Aimee Sian Morgans | |
Workplaces: | Imperial College London |
Alma Mater: | University of Cambridge |
Thesis Title: | Transonic helicopter noise. |
Thesis Url: | http://www.worldcat.org/oclc/890159138 |
Thesis Year: | 2004 |
Aimee Sian Morgans is a British engineer who is Professor of Mechanical Engineering at Imperial College London. Her research considers thermoacoustic instabilities. She was elected Fellow of the Royal Academy of Engineering in 2021.
Morgans studied engineering at the University of Cambridge, where she earned a master's of arts, a master's of engineering and a doctorate.[1] Her doctoral research considered transonic helicopter noise.[2]
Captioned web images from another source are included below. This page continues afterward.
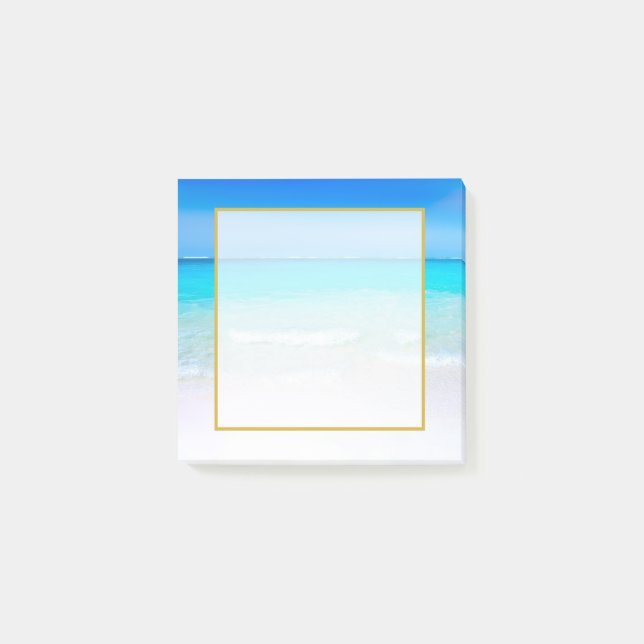 Bloco De Notas Praia tropical com um Mar Turquesa com Sobreposiçã (Frente)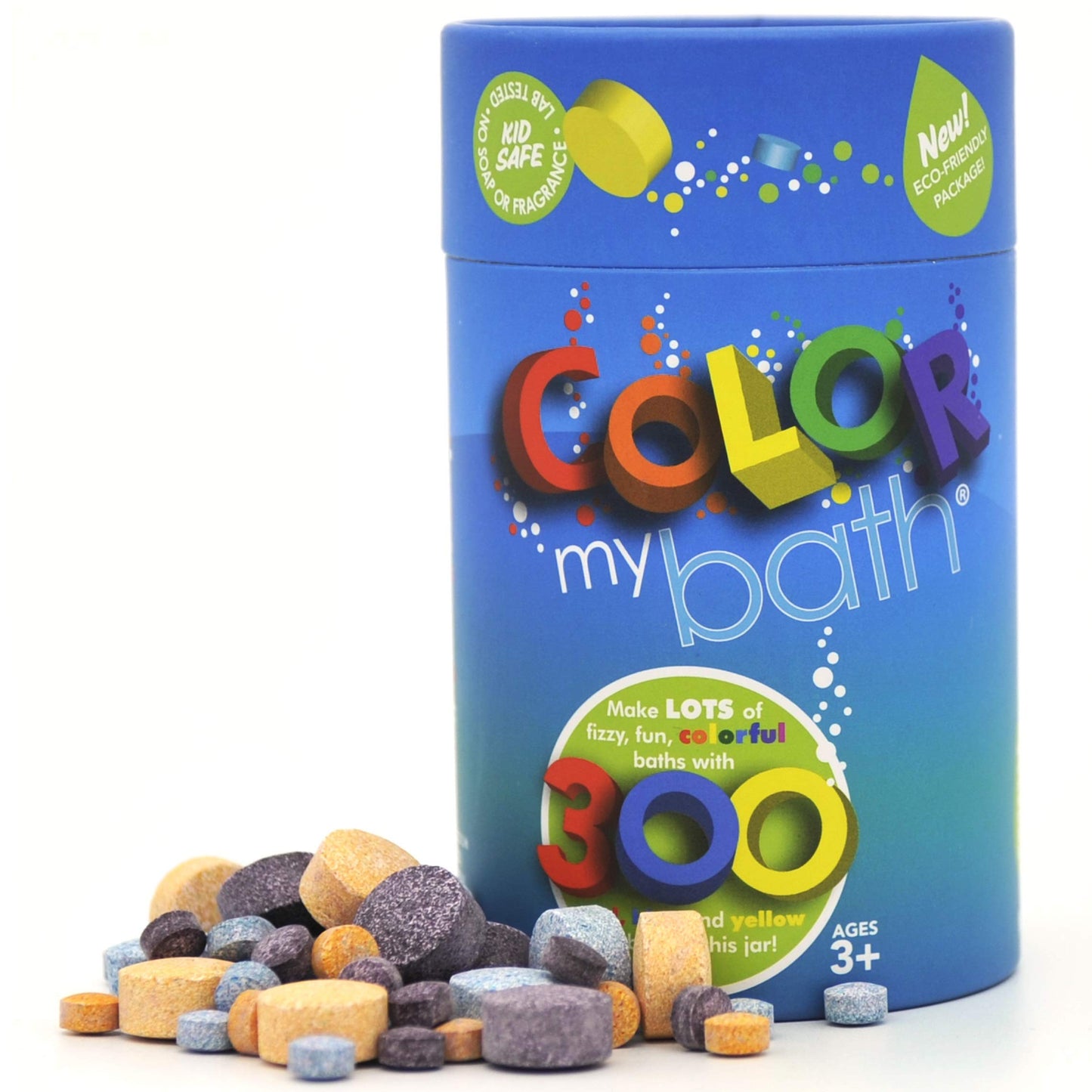 Color My Bath – Bath Color Tablets for Kids, 300 Count Jar – Color Changing, Non-Toxic, Non-Staining, Fragrance-Free – Mix Your Own Rainbow and Make Bathtime Fun & Educational - Made in USA (1-Pack)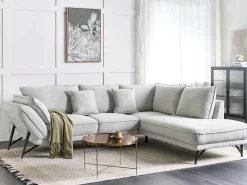 Discount Beliani Divano angolare 3 posti ELGA Lino Grigio chiaro Grigio Nero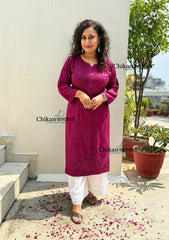 Malika Rayon Chikankari Kurti - Wine
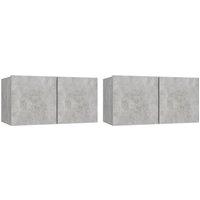 Berkfield Home Hanging TV Cabinets 2 pcs Concrete Grey 60x30x30 cm | Size: 60 x 30 x 30 cm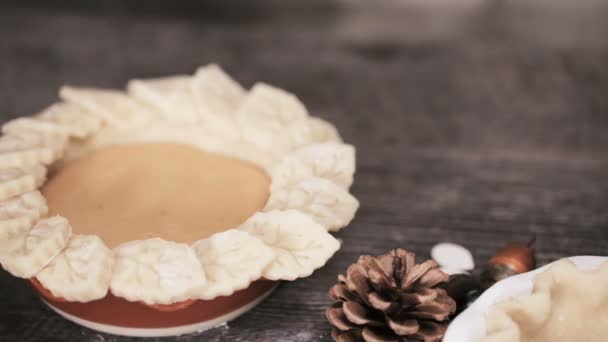 Desfasamento Temporal Passo Passo Assar Torta Abóbora Caseira Para Jantar — Vídeo de Stock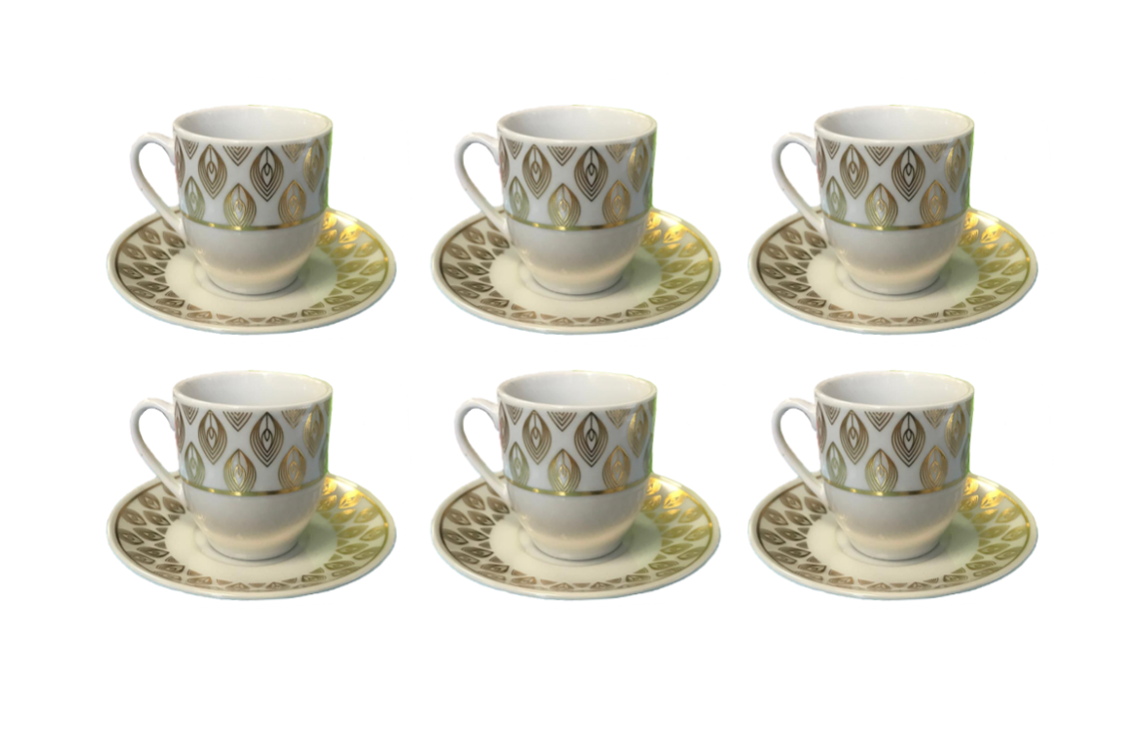 Coffee Tea Cup Set with Saucers Set of 12 Gold / White Assorted Designs 7518 (Parcel Plus  Rate)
In 2007, Morgans joined the faculty at Imperial College London. Morgans works on ways to make energy generation and transportation more environmentally friendly. In particular, she has concentrated on thermoacoustic instability and aerodynamic drag.[3] In 2013, Morgans was awarded a European Research Council (ERC) Starting Grant to study the emissions of gas turbines.[4] The combustion that occurs within gas turbines (for example those found in jet engines and power plants) produces emissions that can cause air pollution, but efforts to mitigate these emissions results in combustion instabilities. These instabilities occur due to unsteady burning of gases, which creates sound waves within the gas turbines that eventually damage the engines. These instabilities would limit the operational lifetimes of gas turbines, meaning that low emission turbines are not used in any meaningful capacity.[5] Morgans looks to develop mathematical models of combustion instabilities. Her research was further supported by the European Research Council and Engineering and Physical Sciences Research Council in 2017, who awarded her a consolidator grant to translate computational predictions of thermoacoustic instabilities into industrial design.[6] [7] Later that year Morgans was the first woman to be made Professor in the Mechanical Engineering department at Imperial College London.[8]
Morgans was elected a Fellow of the Royal Academy of Engineering in 2021.[9]
Morgans is married with two children.